Thursday, June 30, 2011

Newly Exposed Rock

Heavy spring rains caused flood waters to tear through the creek channels at Blue Jay Barrens. This is a point in the creek where high water slams into a rock wall and makes an abrupt 90 degree turn to the right. Water doesn’t like to turn corners and it expends a lot of its energy by tearing apart the obstacle that makes it do so. I benefit by having freshly exposed rock layers available for my personal viewing.

It’s always fun to examine a new rock face. It’s sometimes hard to comprehend the fact that this material has been hidden below ground for hundreds of millions of years. I feel privileged to be the one to greet it when it is finally exposed to the light.

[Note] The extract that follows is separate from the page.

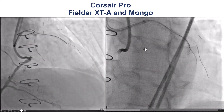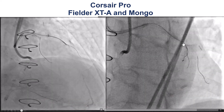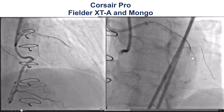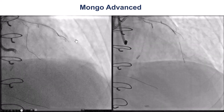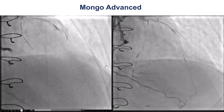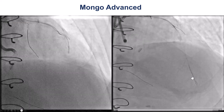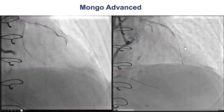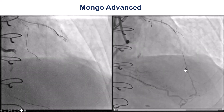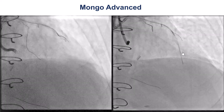So we tried antegrade wiring. We used a Finecross XT, a Gladius Mongo. We used the heliocranial view to highlight the origin of the vessel. A wire was placed in the diagonal for protection. We had difficulty, but eventually the Mongo did seem to advance along the course of the LAD. This is the contralateral injection, and the Mongo seems to be dancing along the vessel architecture. At this point, we should have done an orthogonal projection, and we see that the wire tip is looped. The importance of this will be evident when we see the subsequent images.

There’s not much left to the roof of this overhang. The roots that once grew between the rock layers are now hanging down from the ceiling. I’m not sure that the rock is very stable now. I’ll have to remember this spot when I’m walking topside. I don’t want to witness the collapse as part of the falling debris.

The thicker limestone layers are more durable and will last for much longer. The fractures and the tilt to the bedrock are evidence of the prehistoric meteor impact that occurred here roughly 350 million years ago. It makes for some interesting geological finds.

One of the things I find most interesting is the distortion of thin rock layers. When these layers were originally formed they should have been oriented horizontally in parallel bands. The layers I see are rarely like that. I see thin bands that are broken or twisted or stretched or compressed or otherwise reconfigured into a unique pattern. It’s amazing to think of a single event producing enough heat and energy to make the rock malleable enough to shape into a new pattern.

This is one of my new favorites. Looks like someone made up a batch of caramel swirl ice cream. I’m not very knowledgeable about geology, but my niece is a super geologist. I’ll have to get her down here to explain to me what I’m looking at.

Wednesday, June 29, 2011

New Crown Vetch Infestation

A little foray through the field turned bad when I found a Crown Vetch blossom in my path. Crown Vetch was once planted on steep banks and other hard to maintain areas for erosion control and wildlife habitat. Having had some little success in that role, it went out on its own and made a name for itself as a non-native invasive species. It’s not a plant I want growing at Blue Jay Barrens.

It starts innocently enough with a few shoots coming up through the existing vegetation. Its sprawling growth habit will soon cover and then smother the neighboring plants. The takeover is not rapid, so it may be several years before it becomes obvious that the plant is a problem. By that time it’s so well established that its removal becomes a very complicated process.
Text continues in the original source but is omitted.